In 2010 the famous mathematician Benoit Mandelbrot spoke at TED shortly before his death.  At that TED talk, Mandelbrot developed a theme he first discussed at TED in 1984 shortly after discovering fractals and measuring roughness. He talked about the extreme complexity of roughness, and the way that fractal math can find order within patterns that seem unknowably complicated. When he speaks of measuring roughness, he means, how do you measure a coastline? or a boulder-laden, jagged mountaintop? Maths should help with that, because maths is a system that finds order in 'chaos'. but until Mandelbrot discovered fractals, maths hadn't.

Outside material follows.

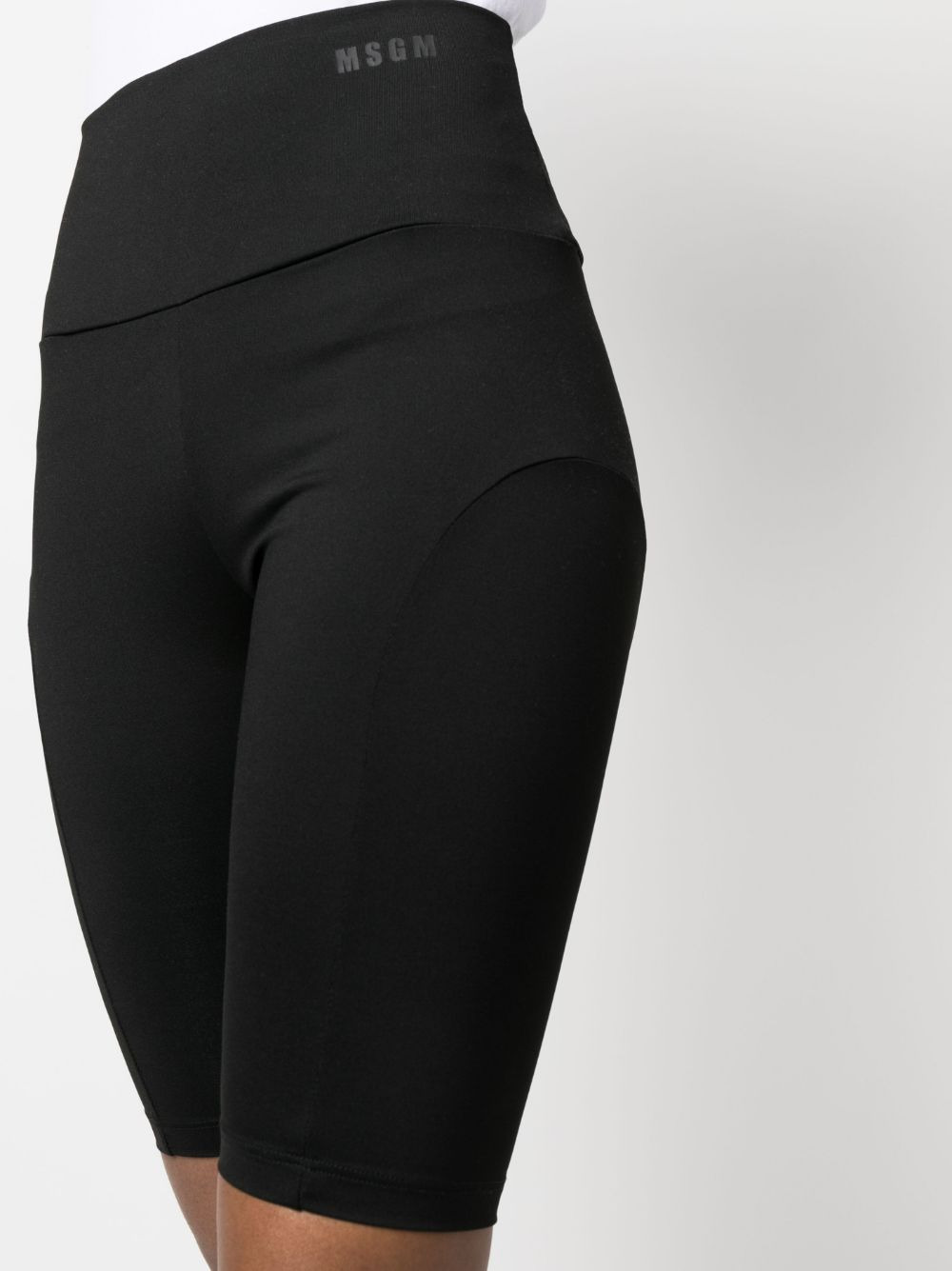 high-waist stretch shorts - 5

Smithsonian's fractals definition: Fractals are a kind of geometric shape that looks incredibly complex but is actually composed of repeating patterns
When Mandelbrot sought to find a way to measure roughness, such as a jagged mountaintop or a jumbled coastline, or a cloud, he found that,
If you cut a cauliflower floret, you get an exact replica of the whole cauliflower, but smaller. No matter how small you cut it, it’s always the smaller of the whole. The experience of humanity has always been that there are some shapes that have this peculiar property that each part is like the whole, but smaller.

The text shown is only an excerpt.